Throughout this document, all pressure gradients are given in units equivalent to mud density in $g/cm3$ instead of a pressure unit. Pressure gradients are calculated by dividing the pressures through the specific gravity and depth, which is useful if the drilling fluid density is evaluated against the pressure window for safe drilling operations.

A final step in the pore-pressure modeling workflow is the calibration of the model against calibration data such as formation pressure tests, experienced influx of formation fluid into the borehole, kicks, differential sticking, or connection gas. Calibration is conducted by adjusting parameters (primarily the normal compaction trend line and/or the Eaton exponent) so the pore-pressure model fits the magnitude of the formation pore pressure at the appropriate depth locations. Information obtained from previously drilled offset well data is frequently used as predrill calibration sources, which then need to be verified during the drilling operation.

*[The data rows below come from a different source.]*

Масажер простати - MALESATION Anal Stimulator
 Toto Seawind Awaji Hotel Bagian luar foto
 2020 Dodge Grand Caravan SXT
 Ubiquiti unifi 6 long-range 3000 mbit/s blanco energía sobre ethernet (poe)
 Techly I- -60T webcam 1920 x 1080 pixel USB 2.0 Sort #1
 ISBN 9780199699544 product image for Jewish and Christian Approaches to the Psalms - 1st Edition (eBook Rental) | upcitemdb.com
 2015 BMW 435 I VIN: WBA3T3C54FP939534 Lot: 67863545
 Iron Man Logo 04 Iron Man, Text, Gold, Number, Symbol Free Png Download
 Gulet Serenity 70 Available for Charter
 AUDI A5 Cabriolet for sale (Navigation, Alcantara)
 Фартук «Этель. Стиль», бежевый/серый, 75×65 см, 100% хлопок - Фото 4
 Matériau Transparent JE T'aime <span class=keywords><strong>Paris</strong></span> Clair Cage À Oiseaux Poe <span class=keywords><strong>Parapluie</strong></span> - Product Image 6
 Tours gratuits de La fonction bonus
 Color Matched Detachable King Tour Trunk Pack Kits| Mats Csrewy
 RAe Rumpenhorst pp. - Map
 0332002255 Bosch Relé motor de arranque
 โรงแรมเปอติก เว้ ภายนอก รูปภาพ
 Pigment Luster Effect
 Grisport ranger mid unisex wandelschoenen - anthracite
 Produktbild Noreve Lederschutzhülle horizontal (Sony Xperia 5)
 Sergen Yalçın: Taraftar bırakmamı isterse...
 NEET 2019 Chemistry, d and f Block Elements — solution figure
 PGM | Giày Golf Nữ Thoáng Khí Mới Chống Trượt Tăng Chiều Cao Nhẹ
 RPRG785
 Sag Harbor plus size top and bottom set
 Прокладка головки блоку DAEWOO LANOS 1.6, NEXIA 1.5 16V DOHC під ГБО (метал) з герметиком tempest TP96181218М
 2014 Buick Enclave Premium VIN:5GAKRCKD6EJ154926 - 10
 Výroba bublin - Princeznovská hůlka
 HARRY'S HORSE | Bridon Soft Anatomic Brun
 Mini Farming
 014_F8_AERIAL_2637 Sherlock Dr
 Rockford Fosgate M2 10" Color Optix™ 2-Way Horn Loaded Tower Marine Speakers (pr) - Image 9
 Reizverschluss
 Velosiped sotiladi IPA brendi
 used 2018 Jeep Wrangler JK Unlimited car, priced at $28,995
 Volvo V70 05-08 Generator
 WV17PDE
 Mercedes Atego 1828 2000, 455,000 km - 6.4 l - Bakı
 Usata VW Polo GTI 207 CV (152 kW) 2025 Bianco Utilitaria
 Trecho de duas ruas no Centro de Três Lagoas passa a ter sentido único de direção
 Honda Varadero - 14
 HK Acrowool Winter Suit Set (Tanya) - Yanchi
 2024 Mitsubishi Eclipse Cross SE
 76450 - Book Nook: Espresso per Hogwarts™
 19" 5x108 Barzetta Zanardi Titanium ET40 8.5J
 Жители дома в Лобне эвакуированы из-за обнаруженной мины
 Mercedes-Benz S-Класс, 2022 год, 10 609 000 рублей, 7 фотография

### Automated identification of shale layers

To automatically define shale layers, we use a simple approach based on the gamma ray log. During a manual shale discrimination, cutoff lines are drawn on a gamma ray log, and only depth points with gamma ray values higher than the cutoff lines are considered in the further modeling process. We developed an algorithm based on the statistics of the gamma ray log to identify the shale layers. The algorithm subdivides the data set into intervals of identical length that overlap each other. In the example in this study, we used three overlapping lines that overlap each other by two-thirds. For each interval, the 80th percentile of the frequency distribution of the gamma ray values is determined. This value gives the cutoff value for the specific depth interval. As the depth intervals overlap, there are three cutoff values for each depth point and thus three lithology classifications (shale or nonshale) for each depth point. In the example given here, only depth points with all three classifications indicating shale were accepted as shale. Other rules are possible, such as when two out of three classifications indicating shale are accepted as shale, but they should be assigned with a lower confidence.

We compared our algorithms with results from manual shale identification. Each analyst performs the process slightly differently, so we used two different manual strategies or approaches: One approach referred to as “detailed” in the following uses a large number of individual cutoff lines that follow moderate variations in the gamma ray. The other manual approach is referred to as “major units.” In this approach, the well is subdivided into major lithological units and one cutoff line is defined for each lithological unit.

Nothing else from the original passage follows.